Trade policy is typically viewed just through an economic lens.
But guess what? Trade policy is also at the core of our strategy to keep America and our allies safe.
“Trade,” wrote former National Security Advisor General James Jones last month, “runs right to the heart of international security in the 21st century. By leading on trade, the United States tightens our bonds with allies around the globe, strengthens our influence in would-be hotspots, and fosters greater global stability through expanding economic cooperation.”
In fact, a growing number of our nation’s top diplomats, senior officials past and present, and respected foreign policy and public policy thinkers are now drawing attention to the important linkage between America’s economic and strategic interests.
At the heart of the President’s call for Congress to move forward on trade is the conviction that these trade agreements will bring tangible benefits to American workers and business. Export-driven business resulted in more than 11 million American jobs in 2014, and we know that export-related jobs pay up to 18 percent more than non-export jobs.
In the past weeks and months, we have increasingly heard the national security case of trade starting with the President’s national security team, including Secretary of Defense Ashton Carter and the nation’s top diplomat, Secretary of State John Kerry.
"If we retreat on trade, our influence on the global economy will diminish. And if our economic stature is in doubt, our ability to deliver on defense and political challenges will be increasingly questioned. In our era, the economic and security realms are absolutely integrated; we simply can’t pull back from one without diminishing our role on the other."
-- Secretary of State John Kerry at the Atlantic Council
Prominent writers on strategic issues such as author and New York Times columnist Tom Friedman, heads of major think tanks including Michele Flournoy of the Center for a New American Security, and groups of former and current U.S. Ambassadors, including all 11 of our Ambassadors to TPP party countries, have underscored the national security case for the President’s trade agenda.
“These deals are not just about who sets the rules.
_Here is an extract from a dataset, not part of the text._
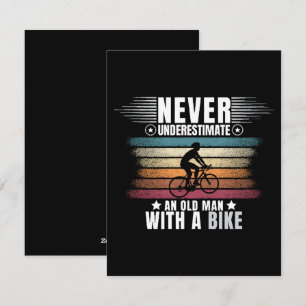 Cartão De Festividades Nunca Subestime um Homem Velho numa Bicicleta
They’re about whether we’ll have a rule-based world at all. We’re at a very plastic moment in global affairs -- much like after World War II. China is trying to unilaterally rewrite the rules. Russia is trying to unilaterally break the rules and parts of both the Arab world and Africa have lost all their rules and are disintegrating into states of nature.”
-- Tom Friedman, The New York Times
Our nation’s strength is in no small part derived from our commitment to norms and standards at home and overseas, including high standards for international commerce. The President’s trade agenda represents our vision for the 21st century global economy -- one where all countries benefit from clear rules of the road that apply equally and fairly to all members of that order, and that reject the idea that the economy of the future will be one of growing decentralization and regionalism.
Our choice is between seizing the opportunity to impact the course of the global order or letting others write the rules of the 21st century.